▶ _INSTRUCTIONS FOR THE TASK_: In your copy of the data, omit the pictures and keep all else exactly as given.
*** Opening of DATA SEGMENT ***
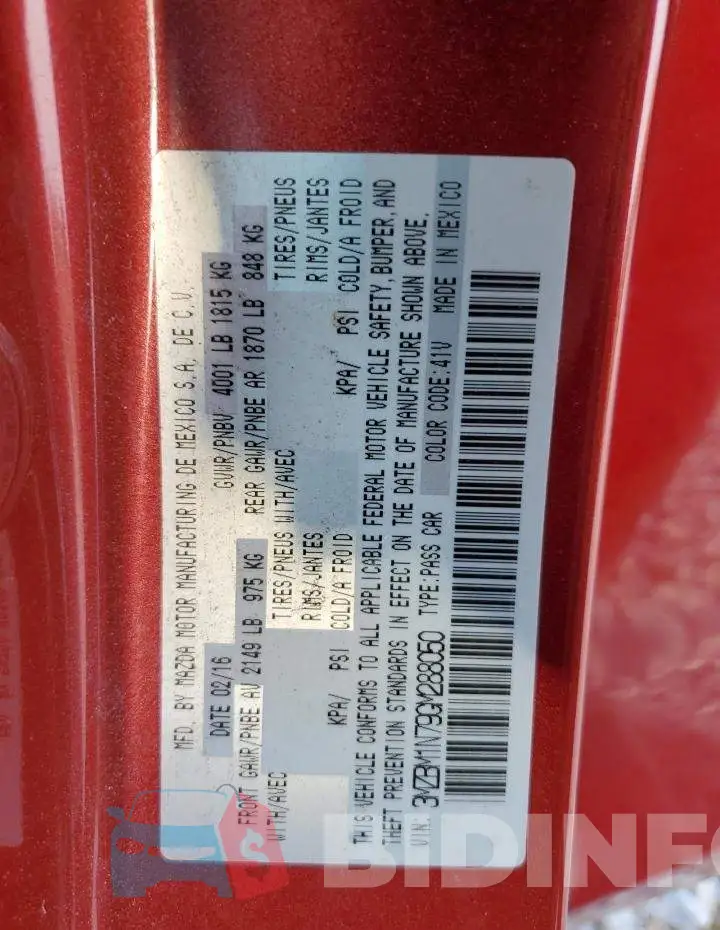 3MZBM1N79GM288050 Photo# 12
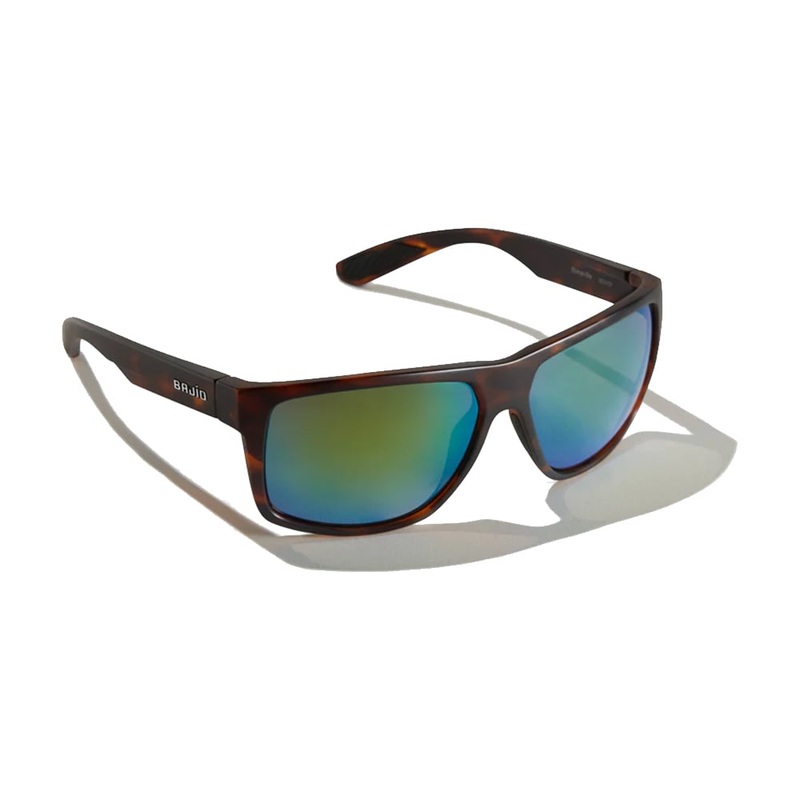 Bajio Boneville – Brown Tort Matte Frame – Green Mirror Polycarbonate Lens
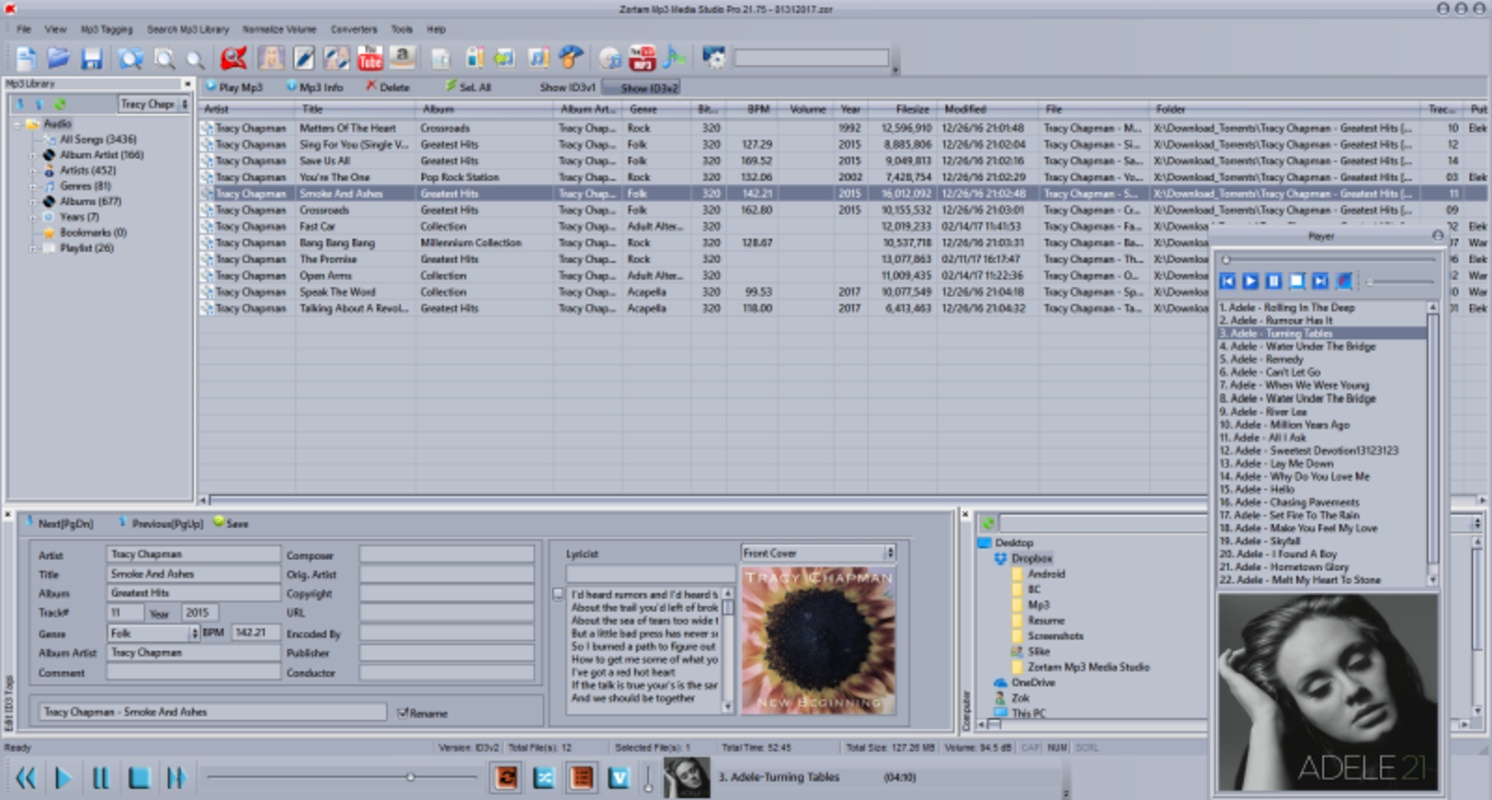 Zortam Mp3 Media Studio 31.55 for Windows Screenshot 1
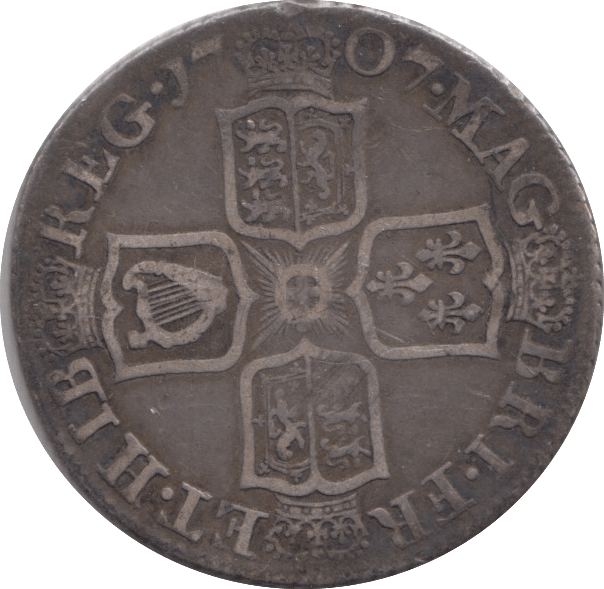 1707 SHILLING ( GF ) - Shilling - Cambridgeshire Coins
*** Close of DATA SEGMENT ***
▶ _WRITTEN ANSWER_:
 3MZBM1N79GM288050 Photo# 12
 Bajio Boneville – Brown Tort Matte Frame – Green Mirror Polycarbonate Lens
 Zortam Mp3 Media Studio 31.55 for Windows Screenshot 1
 1707 SHILLING ( GF ) - Shilling - Cambridgeshire Coins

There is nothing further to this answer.